--- Work task ---
With the material below, print exactly the lines between the line holding "rear view of" and the line holding "Two students sitting on a laptop typing", inclusive. Add nothing else.

━━━━━━━━━━━━━━━━

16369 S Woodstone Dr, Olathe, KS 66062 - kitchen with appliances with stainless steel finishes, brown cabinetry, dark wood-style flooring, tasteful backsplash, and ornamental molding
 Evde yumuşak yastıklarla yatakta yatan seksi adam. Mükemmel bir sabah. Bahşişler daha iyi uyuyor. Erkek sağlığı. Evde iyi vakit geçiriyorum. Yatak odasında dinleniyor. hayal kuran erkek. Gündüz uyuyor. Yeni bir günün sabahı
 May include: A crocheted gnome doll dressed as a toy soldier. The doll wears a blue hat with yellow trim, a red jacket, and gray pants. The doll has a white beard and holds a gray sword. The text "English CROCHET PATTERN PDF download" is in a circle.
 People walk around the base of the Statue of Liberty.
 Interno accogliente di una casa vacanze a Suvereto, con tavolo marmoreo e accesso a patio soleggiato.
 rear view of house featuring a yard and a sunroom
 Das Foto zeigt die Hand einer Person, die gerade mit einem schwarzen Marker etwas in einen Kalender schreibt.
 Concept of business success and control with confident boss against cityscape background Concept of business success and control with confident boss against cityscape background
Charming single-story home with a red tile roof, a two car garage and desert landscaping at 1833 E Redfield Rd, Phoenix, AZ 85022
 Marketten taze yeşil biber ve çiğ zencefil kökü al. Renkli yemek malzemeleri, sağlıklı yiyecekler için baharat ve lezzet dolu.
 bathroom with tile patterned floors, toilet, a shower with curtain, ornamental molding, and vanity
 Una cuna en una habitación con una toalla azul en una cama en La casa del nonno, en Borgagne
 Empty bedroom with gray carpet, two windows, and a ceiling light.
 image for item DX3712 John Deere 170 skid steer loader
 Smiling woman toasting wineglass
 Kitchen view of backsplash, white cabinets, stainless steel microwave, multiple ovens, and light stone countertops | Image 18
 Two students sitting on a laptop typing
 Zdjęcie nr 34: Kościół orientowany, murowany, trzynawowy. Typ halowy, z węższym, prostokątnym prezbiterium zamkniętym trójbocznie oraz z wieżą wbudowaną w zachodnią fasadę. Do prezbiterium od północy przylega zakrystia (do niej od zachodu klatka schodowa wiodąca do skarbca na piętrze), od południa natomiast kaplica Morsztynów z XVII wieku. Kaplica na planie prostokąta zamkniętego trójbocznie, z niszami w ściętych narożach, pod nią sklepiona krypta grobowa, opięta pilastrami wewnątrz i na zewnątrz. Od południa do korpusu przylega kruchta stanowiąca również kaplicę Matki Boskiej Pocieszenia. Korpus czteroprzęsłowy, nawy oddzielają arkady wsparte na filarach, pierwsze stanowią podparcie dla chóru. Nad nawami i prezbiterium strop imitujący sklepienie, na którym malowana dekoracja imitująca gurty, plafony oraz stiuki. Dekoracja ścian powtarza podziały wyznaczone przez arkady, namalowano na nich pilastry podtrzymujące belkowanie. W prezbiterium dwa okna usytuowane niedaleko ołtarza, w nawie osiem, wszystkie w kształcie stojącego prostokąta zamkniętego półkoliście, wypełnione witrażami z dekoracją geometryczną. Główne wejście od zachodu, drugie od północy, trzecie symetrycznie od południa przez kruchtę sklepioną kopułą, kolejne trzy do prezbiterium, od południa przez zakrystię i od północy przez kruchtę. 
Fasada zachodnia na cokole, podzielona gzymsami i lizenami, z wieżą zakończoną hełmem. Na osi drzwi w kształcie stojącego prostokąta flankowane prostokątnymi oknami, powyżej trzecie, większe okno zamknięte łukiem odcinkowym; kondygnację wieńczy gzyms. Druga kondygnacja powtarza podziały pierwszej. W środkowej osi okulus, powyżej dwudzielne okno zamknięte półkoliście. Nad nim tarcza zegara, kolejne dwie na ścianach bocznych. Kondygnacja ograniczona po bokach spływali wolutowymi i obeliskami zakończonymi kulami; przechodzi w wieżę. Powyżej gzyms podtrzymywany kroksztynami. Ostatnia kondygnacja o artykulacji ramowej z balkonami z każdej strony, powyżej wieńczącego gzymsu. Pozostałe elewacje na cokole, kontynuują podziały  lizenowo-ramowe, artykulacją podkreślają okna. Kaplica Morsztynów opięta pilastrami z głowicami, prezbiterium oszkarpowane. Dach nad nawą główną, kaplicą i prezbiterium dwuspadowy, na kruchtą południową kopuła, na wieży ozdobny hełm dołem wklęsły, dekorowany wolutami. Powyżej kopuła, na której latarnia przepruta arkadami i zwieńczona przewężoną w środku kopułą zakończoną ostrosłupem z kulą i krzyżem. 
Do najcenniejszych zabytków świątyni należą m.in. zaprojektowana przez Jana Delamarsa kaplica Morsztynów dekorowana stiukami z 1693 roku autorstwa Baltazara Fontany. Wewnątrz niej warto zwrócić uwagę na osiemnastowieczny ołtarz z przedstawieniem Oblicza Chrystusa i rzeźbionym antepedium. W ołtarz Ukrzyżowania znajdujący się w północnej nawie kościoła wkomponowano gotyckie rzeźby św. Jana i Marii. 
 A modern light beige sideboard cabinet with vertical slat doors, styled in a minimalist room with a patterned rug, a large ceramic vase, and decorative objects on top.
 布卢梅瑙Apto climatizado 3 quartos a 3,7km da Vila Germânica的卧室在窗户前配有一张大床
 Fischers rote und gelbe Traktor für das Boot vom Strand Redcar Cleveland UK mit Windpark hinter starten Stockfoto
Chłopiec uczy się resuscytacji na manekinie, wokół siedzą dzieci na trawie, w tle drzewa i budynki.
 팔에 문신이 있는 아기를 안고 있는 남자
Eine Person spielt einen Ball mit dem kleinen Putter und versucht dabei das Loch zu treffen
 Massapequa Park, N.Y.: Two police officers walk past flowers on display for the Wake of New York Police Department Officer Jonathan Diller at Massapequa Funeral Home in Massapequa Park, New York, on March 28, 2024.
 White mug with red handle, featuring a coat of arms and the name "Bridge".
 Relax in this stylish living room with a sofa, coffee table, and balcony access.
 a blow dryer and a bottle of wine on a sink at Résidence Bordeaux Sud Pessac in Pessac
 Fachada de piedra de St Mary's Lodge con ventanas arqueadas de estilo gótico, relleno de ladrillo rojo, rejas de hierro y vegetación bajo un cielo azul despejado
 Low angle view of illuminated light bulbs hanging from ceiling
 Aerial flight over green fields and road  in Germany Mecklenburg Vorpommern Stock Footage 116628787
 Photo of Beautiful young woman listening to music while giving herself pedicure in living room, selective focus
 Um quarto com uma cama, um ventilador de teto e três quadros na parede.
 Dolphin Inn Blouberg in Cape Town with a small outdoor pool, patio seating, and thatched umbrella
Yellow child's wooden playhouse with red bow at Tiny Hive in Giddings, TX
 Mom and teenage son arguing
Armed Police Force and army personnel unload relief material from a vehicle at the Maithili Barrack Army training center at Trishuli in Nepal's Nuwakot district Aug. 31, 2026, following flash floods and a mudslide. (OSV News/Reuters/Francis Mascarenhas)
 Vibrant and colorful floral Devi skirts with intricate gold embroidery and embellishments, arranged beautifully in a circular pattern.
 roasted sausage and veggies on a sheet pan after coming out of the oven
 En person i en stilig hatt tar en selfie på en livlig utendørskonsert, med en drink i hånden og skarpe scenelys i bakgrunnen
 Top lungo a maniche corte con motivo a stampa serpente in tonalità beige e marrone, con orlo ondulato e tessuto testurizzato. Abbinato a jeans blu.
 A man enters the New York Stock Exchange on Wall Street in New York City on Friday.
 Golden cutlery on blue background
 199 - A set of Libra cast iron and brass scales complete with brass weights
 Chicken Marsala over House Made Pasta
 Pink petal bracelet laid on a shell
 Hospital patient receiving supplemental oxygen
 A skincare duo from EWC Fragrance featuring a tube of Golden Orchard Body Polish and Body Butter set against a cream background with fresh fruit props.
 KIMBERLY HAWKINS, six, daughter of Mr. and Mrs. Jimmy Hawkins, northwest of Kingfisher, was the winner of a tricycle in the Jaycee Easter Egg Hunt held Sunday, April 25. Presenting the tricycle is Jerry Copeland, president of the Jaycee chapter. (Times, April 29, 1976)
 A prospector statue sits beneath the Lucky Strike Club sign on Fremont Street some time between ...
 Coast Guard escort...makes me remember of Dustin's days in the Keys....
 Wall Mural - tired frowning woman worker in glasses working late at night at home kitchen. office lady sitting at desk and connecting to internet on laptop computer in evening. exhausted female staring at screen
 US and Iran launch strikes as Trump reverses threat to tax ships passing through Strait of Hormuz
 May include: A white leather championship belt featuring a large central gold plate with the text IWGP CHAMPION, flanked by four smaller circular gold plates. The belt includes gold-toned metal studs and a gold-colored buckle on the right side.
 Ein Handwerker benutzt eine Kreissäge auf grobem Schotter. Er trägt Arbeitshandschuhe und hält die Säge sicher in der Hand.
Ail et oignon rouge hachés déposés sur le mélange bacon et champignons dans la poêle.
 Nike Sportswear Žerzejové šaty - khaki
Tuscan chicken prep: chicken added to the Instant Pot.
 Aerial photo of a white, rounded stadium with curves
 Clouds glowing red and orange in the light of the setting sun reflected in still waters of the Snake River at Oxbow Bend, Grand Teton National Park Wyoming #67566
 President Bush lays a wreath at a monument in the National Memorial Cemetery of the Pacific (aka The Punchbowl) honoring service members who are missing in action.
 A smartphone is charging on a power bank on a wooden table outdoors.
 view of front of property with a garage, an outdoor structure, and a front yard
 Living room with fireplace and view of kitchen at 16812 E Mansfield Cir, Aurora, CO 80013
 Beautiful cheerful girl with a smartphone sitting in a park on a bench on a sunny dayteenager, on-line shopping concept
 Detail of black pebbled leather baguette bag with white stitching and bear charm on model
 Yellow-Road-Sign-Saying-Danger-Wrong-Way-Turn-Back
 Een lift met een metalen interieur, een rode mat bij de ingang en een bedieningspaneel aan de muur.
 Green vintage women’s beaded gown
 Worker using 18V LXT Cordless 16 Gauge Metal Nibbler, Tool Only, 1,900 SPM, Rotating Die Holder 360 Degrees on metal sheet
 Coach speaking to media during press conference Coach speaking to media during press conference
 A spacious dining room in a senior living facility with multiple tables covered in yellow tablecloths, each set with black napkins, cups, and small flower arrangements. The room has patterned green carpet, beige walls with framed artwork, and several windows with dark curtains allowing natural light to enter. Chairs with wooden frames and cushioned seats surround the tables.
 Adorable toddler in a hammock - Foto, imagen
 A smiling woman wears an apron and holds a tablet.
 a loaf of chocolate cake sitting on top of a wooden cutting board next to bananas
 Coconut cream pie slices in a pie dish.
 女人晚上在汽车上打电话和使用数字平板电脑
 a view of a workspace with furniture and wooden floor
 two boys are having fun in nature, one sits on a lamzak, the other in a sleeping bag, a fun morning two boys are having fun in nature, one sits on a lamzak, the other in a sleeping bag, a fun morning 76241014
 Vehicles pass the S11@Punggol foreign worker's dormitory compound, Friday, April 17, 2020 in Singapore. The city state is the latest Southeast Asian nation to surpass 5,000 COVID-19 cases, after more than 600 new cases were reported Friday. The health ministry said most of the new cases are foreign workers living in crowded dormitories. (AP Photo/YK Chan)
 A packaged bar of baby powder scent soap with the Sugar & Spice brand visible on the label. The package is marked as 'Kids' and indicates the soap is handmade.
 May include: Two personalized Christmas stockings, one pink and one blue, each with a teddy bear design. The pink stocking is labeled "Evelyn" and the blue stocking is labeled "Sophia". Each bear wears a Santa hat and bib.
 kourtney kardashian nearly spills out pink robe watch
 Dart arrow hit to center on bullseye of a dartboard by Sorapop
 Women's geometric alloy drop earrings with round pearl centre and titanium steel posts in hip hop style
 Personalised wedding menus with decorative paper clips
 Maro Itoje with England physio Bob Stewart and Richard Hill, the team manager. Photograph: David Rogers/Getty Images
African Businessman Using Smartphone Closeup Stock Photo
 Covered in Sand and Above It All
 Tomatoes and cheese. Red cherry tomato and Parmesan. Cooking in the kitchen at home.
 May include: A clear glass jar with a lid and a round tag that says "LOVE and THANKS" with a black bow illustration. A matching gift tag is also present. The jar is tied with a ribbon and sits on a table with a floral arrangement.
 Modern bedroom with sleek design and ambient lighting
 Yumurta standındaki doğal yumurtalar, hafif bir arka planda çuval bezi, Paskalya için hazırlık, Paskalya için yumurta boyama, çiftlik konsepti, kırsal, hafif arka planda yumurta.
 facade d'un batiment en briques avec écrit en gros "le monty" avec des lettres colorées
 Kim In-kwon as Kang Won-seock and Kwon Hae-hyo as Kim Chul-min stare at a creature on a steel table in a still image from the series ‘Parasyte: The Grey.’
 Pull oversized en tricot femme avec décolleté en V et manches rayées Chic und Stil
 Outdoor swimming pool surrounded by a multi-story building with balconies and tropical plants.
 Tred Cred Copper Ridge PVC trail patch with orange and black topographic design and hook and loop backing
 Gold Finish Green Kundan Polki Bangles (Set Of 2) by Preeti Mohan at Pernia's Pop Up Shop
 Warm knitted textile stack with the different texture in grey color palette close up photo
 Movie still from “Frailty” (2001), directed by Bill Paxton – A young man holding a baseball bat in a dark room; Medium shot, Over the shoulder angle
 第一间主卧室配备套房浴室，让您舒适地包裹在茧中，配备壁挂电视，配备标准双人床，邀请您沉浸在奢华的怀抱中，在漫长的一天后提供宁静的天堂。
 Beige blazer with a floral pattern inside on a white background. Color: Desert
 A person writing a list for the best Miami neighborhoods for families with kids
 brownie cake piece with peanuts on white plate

━━━━━━━━━━━━━━━━

--- Written solution ---
 rear view of house featuring a yard and a sunroom
 Das Foto zeigt die Hand einer Person, die gerade mit einem schwarzen Marker etwas in einen Kalender schreibt.
 Concept of business success and control with confident boss against cityscape background Concept of business success and control with confident boss against cityscape background
Charming single-story home with a red tile roof, a two car garage and desert landscaping at 1833 E Redfield Rd, Phoenix, AZ 85022
 Marketten taze yeşil biber ve çiğ zencefil kökü al. Renkli yemek malzemeleri, sağlıklı yiyecekler için baharat ve lezzet dolu.
 bathroom with tile patterned floors, toilet, a shower with curtain, ornamental molding, and vanity
 Una cuna en una habitación con una toalla azul en una cama en La casa del nonno, en Borgagne
 Empty bedroom with gray carpet, two windows, and a ceiling light.
 image for item DX3712 John Deere 170 skid steer loader
 Smiling woman toasting wineglass
 Kitchen view of backsplash, white cabinets, stainless steel microwave, multiple ovens, and light stone countertops | Image 18
 Two students sitting on a laptop typing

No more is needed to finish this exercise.